## What is needed:
Would you repeat the listing below exactly, with no pictures in it?

## Given records:
____

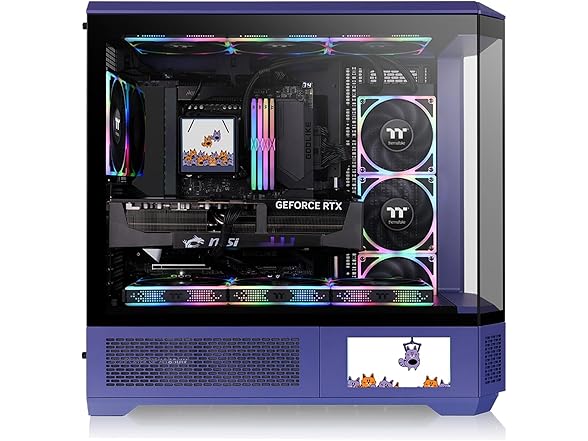 Thermaltake View 600 TG 6.0 Inch LCD Screen Panel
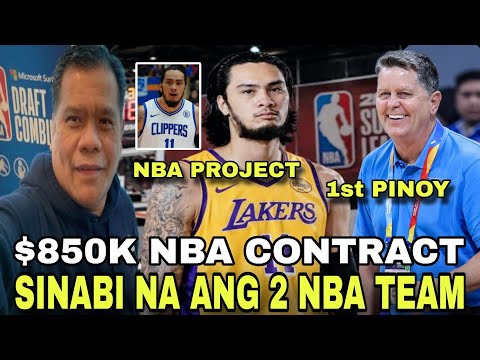 BREAKING: LA LAKERS at LA CLIPPERS INTERESADO kay KAI SOTTO |$850K NBA CONTRACT POSIBLE ke KAI SOTTO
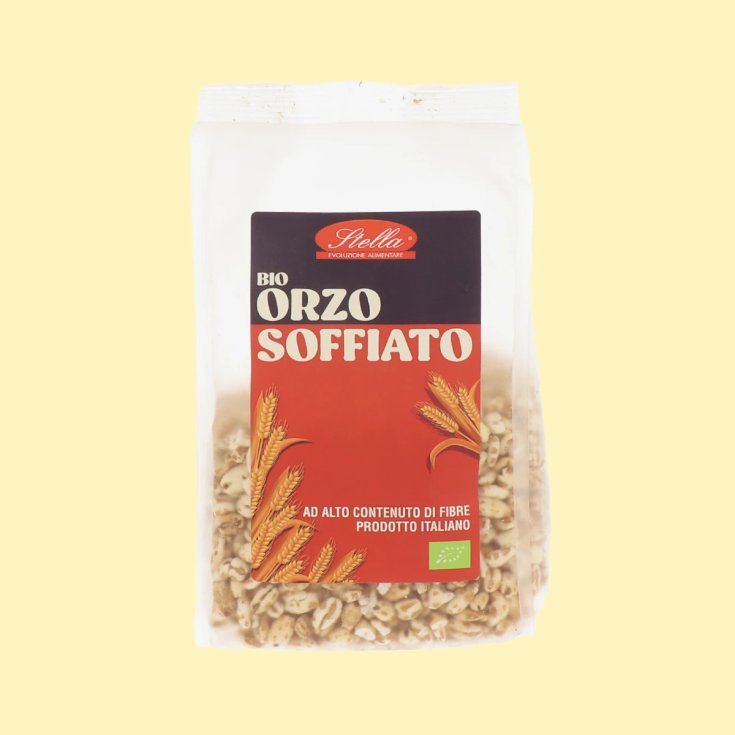 Stella Orzo Soffiato Biologico 100G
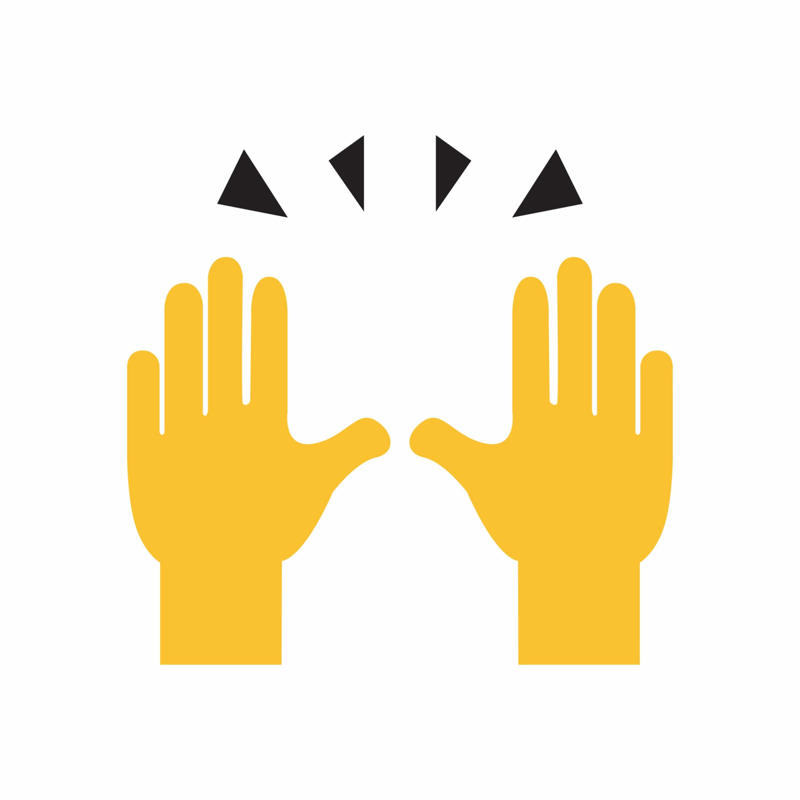 Grimacing face, Alternate text, Alternate emojis, Clapping hands, Loudly crying face, Tick/checkmark, Red love heart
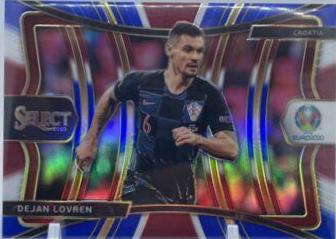 Dejan Lovren [Tri Color Prizm] #104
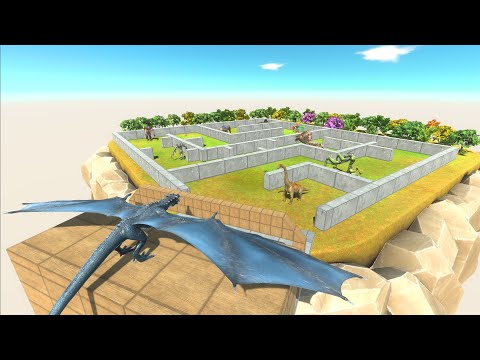 Can the units escape from the enemy? - Animal Revolt Battle Simulator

____

## Answer section:
 Thermaltake View 600 TG 6.0 Inch LCD Screen Panel
 BREAKING: LA LAKERS at LA CLIPPERS INTERESADO kay KAI SOTTO |$850K NBA CONTRACT POSIBLE ke KAI SOTTO
 Stella Orzo Soffiato Biologico 100G
 Grimacing face, Alternate text, Alternate emojis, Clapping hands, Loudly crying face, Tick/checkmark, Red love heart
 Dejan Lovren [Tri Color Prizm] #104
 Can the units escape from the enemy? - Animal Revolt Battle Simulator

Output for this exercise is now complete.